Ante la dificultad de sostener dietas tradicionales con restricción calórica, han surgido nuevas estrategias nutricionales enfocadas en mejorar la adherencia y los resultados. Una de ellas es el ayuno intermitente, un esquema que alterna periodos de alimentación con lapsos prolongados sin ingerir alimentos.
Dentro de este enfoque, el ayuno intermitente temprano ha ganado popularidad en los últimos años por sus efectos positivos en la pérdida de peso y la salud metabólica. Este método también es conocido como restricción horaria de la alimentación o time-restricted eating.

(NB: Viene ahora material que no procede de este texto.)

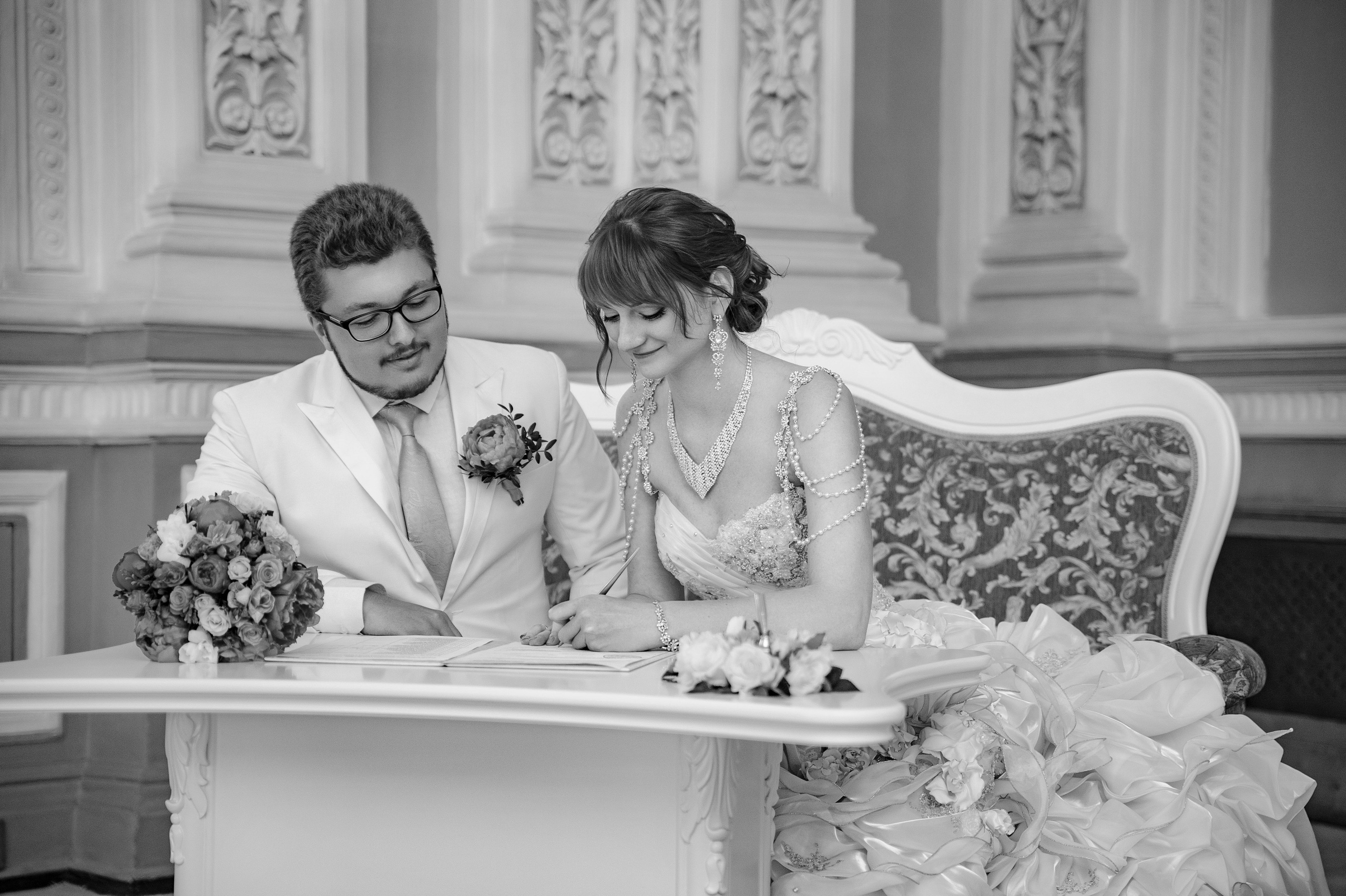 Черно-белая свадебная фотография во дворце на свадьбе.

¿En qué consiste el ayuno temprano?
De forma habitual, muchas personas desayunan entre las siete y ocho de la mañana y cenan entre las nueve y diez de la noche. Esto genera una ventana de alimentación de hasta 14 horas diarias, con poco tiempo real de ayuno.
El ayuno temprano propone reducir ese periodo de ingesta a solo seis u ocho horas al día. De esta manera, el ayuno se extiende entre 16 y 18 horas, concentrando el consumo de alimentos en las primeras horas del día y evitando cenas tardías.
Este ajuste favorece un patrón de alimentación más alineado con los ritmos biológicos naturales del cuerpo.
¿Por qué ayuda a bajar de peso?
Estudios recientes han analizado el impacto del ayuno intermitente temprano en personas con obesidad. Una investigación publicada en la revista Nature Medicine mostró que quienes siguieron este esquema lograron perder entre tres y cuatro kilogramos en promedio.
Además del descenso en el peso corporal, los investigadores observaron una reducción significativa de la grasa subcutánea abdominal, la que se acumula debajo de la piel y está asociada con mayor riesgo metabólico.
Estos resultados sugieren que no solo importa cuánto se come, sino también a qué hora se consume.
Mejora en la regulación de la glucosa
El ayuno temprano también ha demostrado beneficios claros en el control del azúcar en sangre. El mismo estudio encontró mejoras relevantes en los niveles de glucosa en ayunas y en la glucosa nocturna en personas que dejaban de comer desde las cuatro de la tarde.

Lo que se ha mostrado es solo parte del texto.